Technical Standards in Service to Humanity

Inside the making of a new UN report on technology and human rights.

Technical Standards in Service to Humanity
Photo by CHUTTERSNAP / Unsplash

By Mallory Knodel

The Office of the High Commissioner for Human Rights (OHCHR) took another significant step toward reshaping how the technical community can consider human rights in standards setting by releasing a new report, published this week titled, “Tech and Human Rights Study: Making technical standards work for humanity - New pathways for incorporating international human rights into standards development for digital technologies.”

Technical standards, the shared rules that make digital systems like the internet work, help shape the conditions for human rights online. After a year of consultations, this OHCHR report outlines an informed agenda for how standards development organizations can integrate human rights into both their processes and the standards of the technologies they design. It also describes the current landscape of global standards bodies, identifies the barriers that prevent meaningful human rights engagement, and highlights practices that support openness, inclusivity, transparency, and accountability.

Today’s tech raises critical questions about human rights

The office began work on the new report following its 2023 Human Rights Council resolution on the importance of integrating human rights into the work of technical standards bodies. That earlier resolution recognized that internet and digital technologies shape the most basic conditions for people’s rights. This new report focuses on a specific and long overdue question: how can standards development organizations support human rights through both their processes and the technical standards they create?

The report shows that technical standards play a critical role in shaping whether human rights are upheld or undermined depending on the choices embedded in their design. Standards that promote openness, interoperability, and secure communication help safeguard freedom of expression and access to information, while those that introduce filtering, traffic controls, or shutdown mechanisms can restrict them. The report also highlights that the architecture of standards shapes whether people can assemble and associate online in safe and reliable ways. And because standards determine how data is transmitted, stored, or exposed, they have significant implications for privacy, a right enshrined in Article 12 of the Universal Declaration of Human Rights. Standards can either protect users from surveillance or make intrusive monitoring easier. In short, the report shows that technical standards are not neutral: they encode decisions that can strengthen human rights by design or facilitate their erosion.

The work with the OHCHR throughout the year focused on supporting this effort. This included helping to design and run a consultative process with six focused conversations involving stakeholders from across standards development, human rights advocacy, internet governance, and emerging technology communities. One consultation also took place as a side meeting at the IETF. It gave participants a chance to speak directly to the relationship between human rights and technical standards in an engineering-focused environment. Each conversation brought different experiences into the room.

Bringing the technical and human rights communities together

The report builds on more than a decade of work by human rights organizations and public interest technologists who engage in standards development. Their work focuses on the design, development, and deployment of internet and digital technologies, including artificial intelligence. These communities analyze how technical choices influence surveillance, censorship, discrimination, and other rights concerns. Their long-term engagement shows why standards work needs direct human rights input.

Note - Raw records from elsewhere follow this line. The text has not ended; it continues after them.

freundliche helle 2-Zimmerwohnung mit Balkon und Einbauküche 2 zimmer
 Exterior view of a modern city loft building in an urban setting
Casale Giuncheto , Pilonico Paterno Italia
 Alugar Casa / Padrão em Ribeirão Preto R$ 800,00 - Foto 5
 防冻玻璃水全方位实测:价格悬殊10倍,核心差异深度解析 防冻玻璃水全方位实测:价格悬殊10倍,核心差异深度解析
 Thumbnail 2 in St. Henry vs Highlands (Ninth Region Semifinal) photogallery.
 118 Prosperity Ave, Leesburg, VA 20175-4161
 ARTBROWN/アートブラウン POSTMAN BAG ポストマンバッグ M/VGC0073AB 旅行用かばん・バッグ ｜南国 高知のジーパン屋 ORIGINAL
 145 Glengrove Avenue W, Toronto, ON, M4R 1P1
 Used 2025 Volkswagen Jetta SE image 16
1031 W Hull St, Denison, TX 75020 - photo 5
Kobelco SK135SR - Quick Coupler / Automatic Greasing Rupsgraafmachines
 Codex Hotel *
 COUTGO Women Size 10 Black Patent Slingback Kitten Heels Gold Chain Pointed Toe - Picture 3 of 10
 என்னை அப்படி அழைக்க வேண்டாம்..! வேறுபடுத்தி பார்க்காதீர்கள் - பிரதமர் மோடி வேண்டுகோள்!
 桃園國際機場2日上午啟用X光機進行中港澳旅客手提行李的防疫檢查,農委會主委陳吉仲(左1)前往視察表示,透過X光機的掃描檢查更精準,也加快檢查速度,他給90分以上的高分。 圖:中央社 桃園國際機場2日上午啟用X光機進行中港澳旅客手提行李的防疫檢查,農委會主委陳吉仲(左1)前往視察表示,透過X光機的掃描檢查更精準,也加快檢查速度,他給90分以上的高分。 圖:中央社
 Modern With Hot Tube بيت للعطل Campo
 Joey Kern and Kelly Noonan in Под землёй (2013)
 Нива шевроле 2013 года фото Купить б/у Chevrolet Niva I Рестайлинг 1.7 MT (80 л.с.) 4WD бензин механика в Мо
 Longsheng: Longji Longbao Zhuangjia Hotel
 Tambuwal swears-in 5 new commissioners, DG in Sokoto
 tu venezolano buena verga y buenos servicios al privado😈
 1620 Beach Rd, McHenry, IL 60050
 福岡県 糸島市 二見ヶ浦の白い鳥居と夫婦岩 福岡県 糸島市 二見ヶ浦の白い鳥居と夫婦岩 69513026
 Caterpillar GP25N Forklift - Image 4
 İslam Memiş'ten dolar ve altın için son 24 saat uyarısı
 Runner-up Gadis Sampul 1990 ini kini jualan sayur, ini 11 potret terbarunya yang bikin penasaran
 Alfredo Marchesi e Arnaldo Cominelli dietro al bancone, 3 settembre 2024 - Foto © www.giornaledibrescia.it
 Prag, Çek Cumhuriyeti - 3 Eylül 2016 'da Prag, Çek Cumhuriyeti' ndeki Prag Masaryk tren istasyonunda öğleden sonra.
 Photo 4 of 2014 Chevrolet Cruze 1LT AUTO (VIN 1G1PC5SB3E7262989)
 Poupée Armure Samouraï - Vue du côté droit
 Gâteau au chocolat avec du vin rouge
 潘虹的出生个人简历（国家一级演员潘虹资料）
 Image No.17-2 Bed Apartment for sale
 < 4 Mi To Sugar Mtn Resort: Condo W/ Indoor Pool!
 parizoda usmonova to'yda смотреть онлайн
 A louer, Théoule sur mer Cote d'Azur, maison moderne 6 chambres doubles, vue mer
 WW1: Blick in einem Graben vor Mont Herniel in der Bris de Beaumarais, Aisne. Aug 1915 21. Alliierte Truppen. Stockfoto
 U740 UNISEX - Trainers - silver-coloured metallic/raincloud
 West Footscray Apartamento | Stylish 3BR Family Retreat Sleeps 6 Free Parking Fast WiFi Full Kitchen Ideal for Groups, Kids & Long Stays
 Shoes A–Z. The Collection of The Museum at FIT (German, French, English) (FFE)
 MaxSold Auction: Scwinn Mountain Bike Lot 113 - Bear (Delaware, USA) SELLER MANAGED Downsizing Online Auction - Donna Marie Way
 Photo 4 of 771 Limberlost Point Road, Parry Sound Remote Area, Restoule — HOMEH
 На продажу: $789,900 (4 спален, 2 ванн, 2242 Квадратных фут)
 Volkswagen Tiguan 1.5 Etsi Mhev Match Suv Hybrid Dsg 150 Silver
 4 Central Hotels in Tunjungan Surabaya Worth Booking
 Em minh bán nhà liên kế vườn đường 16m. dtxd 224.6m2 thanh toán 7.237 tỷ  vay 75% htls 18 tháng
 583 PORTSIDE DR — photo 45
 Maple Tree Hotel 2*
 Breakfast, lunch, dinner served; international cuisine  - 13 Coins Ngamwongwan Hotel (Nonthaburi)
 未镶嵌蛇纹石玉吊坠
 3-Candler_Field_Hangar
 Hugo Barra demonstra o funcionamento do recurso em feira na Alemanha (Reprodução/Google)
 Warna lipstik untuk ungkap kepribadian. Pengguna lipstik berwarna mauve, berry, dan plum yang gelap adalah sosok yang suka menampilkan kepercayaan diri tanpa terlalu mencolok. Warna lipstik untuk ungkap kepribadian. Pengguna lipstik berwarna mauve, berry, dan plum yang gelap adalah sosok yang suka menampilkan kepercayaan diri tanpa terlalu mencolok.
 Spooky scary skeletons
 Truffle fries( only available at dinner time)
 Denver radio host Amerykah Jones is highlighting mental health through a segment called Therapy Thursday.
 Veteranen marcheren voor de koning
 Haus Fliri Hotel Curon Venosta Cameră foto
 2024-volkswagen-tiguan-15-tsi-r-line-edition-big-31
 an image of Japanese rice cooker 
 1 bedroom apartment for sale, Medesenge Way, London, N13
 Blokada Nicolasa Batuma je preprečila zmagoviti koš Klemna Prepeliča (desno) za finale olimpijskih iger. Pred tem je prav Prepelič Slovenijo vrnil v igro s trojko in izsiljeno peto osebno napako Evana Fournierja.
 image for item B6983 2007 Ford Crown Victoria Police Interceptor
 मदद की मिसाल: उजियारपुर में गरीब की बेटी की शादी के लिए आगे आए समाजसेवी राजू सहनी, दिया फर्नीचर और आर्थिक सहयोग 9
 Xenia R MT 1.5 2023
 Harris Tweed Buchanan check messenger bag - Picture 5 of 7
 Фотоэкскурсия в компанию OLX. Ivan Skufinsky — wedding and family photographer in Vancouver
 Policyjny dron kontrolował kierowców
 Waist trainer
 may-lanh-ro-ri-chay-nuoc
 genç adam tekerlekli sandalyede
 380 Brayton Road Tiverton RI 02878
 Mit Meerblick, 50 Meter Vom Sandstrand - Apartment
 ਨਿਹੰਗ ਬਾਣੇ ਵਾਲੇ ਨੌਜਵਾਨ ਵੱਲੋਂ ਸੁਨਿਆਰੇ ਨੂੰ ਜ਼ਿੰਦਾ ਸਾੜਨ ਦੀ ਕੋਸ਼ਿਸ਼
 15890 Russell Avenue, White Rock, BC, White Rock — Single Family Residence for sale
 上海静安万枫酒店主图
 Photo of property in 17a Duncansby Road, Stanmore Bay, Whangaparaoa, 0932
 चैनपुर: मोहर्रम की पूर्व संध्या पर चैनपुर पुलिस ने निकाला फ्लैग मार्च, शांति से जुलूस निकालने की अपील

All six consultations led into a final online meeting that brought every participant together with a goal of confirming that the draft captured what people shared throughout the process and to ensure that the material was accurate, clear, and useful. We circulated an early version of the report to all participants and invited written feedback. Their comments strengthened the final text and helped shape the recommendations.

The pathways towards human rights respecting standards

The timing of this report also matters. The Global Digital Compact, adopted at the United Nations General Assembly, directs the OHCHR to coordinate human rights considerations across global internet governance institutions. That includes multilateral bodies like the ITU and multistakeholder communities like the IETF. The compact reinforces the idea that governments, civil society, and standards bodies share responsibility for integrating human rights into technical work.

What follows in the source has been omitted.